The largest interface in the EsxRS structure, between the EsxS helices, buries ∼1130 Å2 of each subunit, or 20% of the surface of each subunit, in the interface. The four-helix bundles of the EsxRS structure have similar interfaces in terms of buried surface area, surface complementarity, and residues involved in the interface. EsxR Chain C buries 930 Å2 in the interface of Bundle A while the N-terminal segment of EsxS Chain A and the C-terminal segment of EsxS Chain B bury 1050 Å2 in the interface. Likewise, EsxR Chain D buries 870 Å2 in the interface of Bundle B with the C-terminal segment of EsxS Chain A and N-terminal segment of EsxS Chain B burying 1060 Å2 in the interface. The protein-protein interfaces were further compared by calculating the geometric shape complementarity (Sc) of the interfaces using the SC program.34 Theoretical Sc values for perfectly correlated and uncorrelated surfaces are 1 and 0, respectively, whereas the highest values seen for protein-protein interfaces, other than amyloids, are in the range of 0.70–0.76.34 The Sc values for the two EsxRS bundles are similar, 0.76 and 0.78 for Bundles A and B, respectively, and reveal that the interfaces are highly complementary. The charge distribution between Bundle A and Bundle B is highly symmetrical [Fig. 2(C)] owing to the structural similarity of the bundles.

The interface between EsxS and EsxR in the four-helix bundles is primarily hydrophobic and the amino acids in the helical segments of the bundles that contribute to the interface are the same in the two bundles. Variability in the bundle interfaces is because of the presence of additional amino acid residues at the termini of the helices for which there is density for one subunit but not the other. There is also variability in the interface due to different conformations of the loop that connects the helical elements of EsxR as Ser40 of EsxR Chain D contributes to the bundle interface while Ser40 of Chain C does not. There are seven hydrogen bonds in Bundle A between EsxR (Chain C) and the EsxS subunits and eight in Bundle B between EsxR (Chain D) and the EsxS subunits. Four of these are absolutely conserved and two others are between the same amino acids. The discrepancy in the other bonds is due to interactions at the termini of the EsxS subunits. In addition to the hydrogen bonds in the four-helix bundles there are also hydrogen bonds between the EsxS subunits with the following bonding pattern: Chain A Gln44-O to Chain B Gln44-NE2 with Gln40-OE1 making a hydrogen bond to Ser47-OG in both subunits.

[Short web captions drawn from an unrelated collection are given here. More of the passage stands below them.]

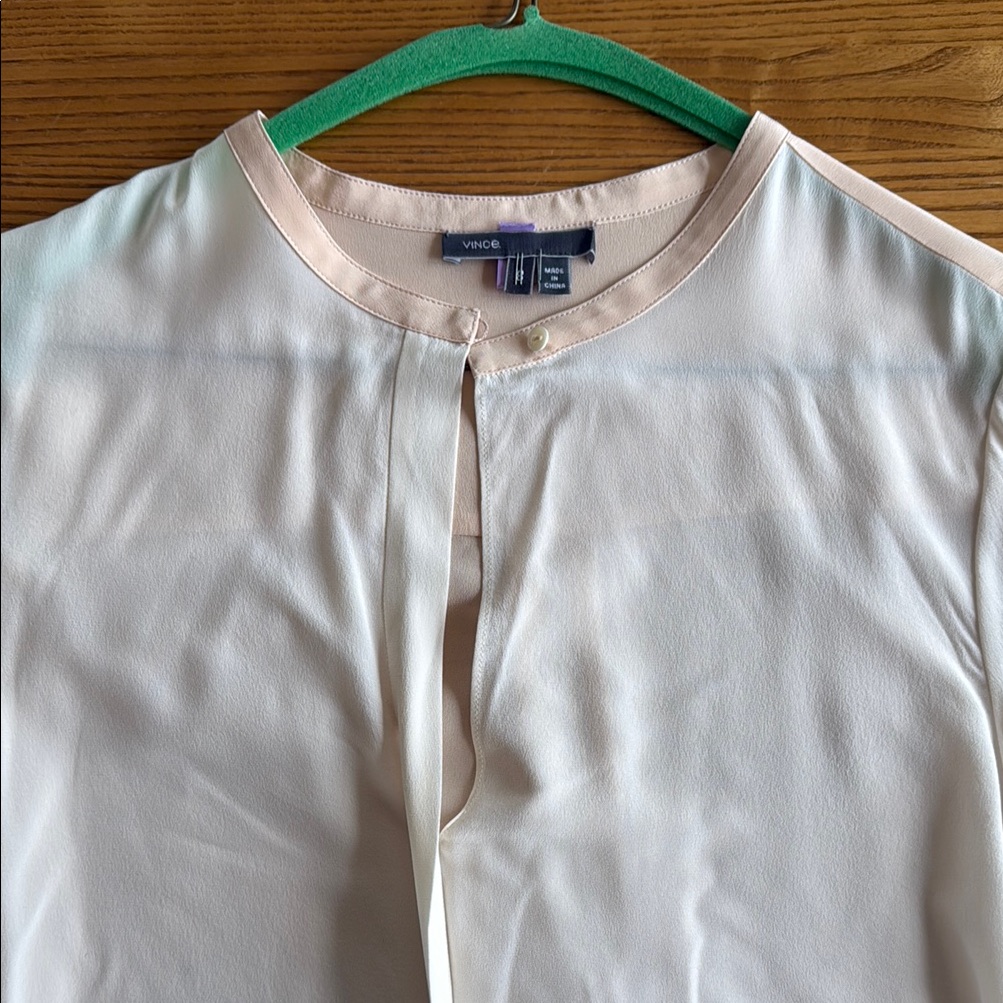 Vince Soft Cream Blouse With Keyhole Detail 100% Silk Size 8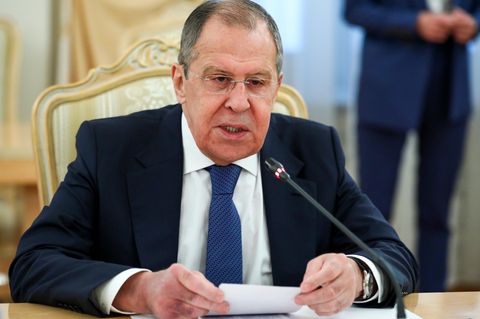 Der russische Außenminister Sergej Lawrow: ""feindliche antirussische Linie Berlins"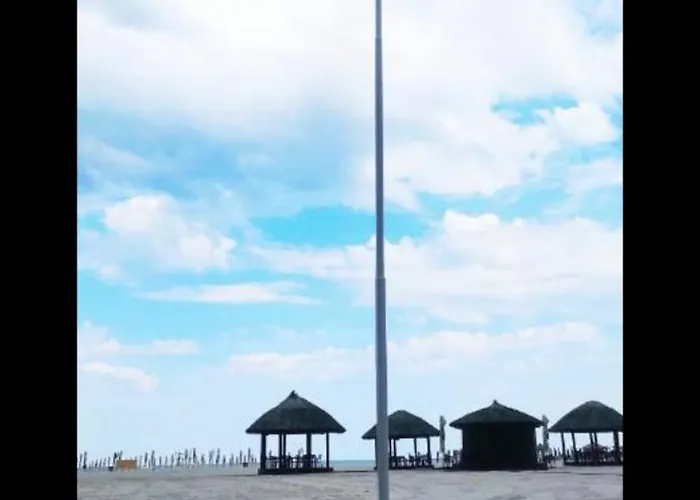 Spatios Cu 2 In Centrul Statiunii -73mp - !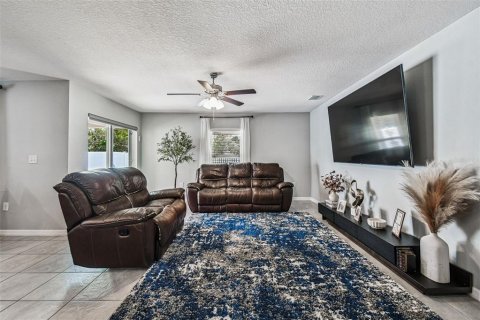 House in Spring Hill, Florida 5 bedrooms, 229 sq.m. № 1915406 - photo 11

Additional stabilization of subunit interactions is through intra- and intermolecular salt bridges. There are five salt bridges between the EsxS subunits: Chain A Glu33-OE2 to Chain B His55-NE2; Chain B Glu33-OE2 to Chain A His55-NE2; Chain A Arg26-NH1 to Chain B Asp70-OD1; Chain B Arg26-NH1 to Chain A Asp70-OD1; and one additional salt bridge between Chain A Asp70-OD1 to Chain B Arg26-NH2. There is one conserved intermolecular salt bridge that occurs between EsxR-Glu35 and EsxS-Lys21 in both of the four-helix bundles.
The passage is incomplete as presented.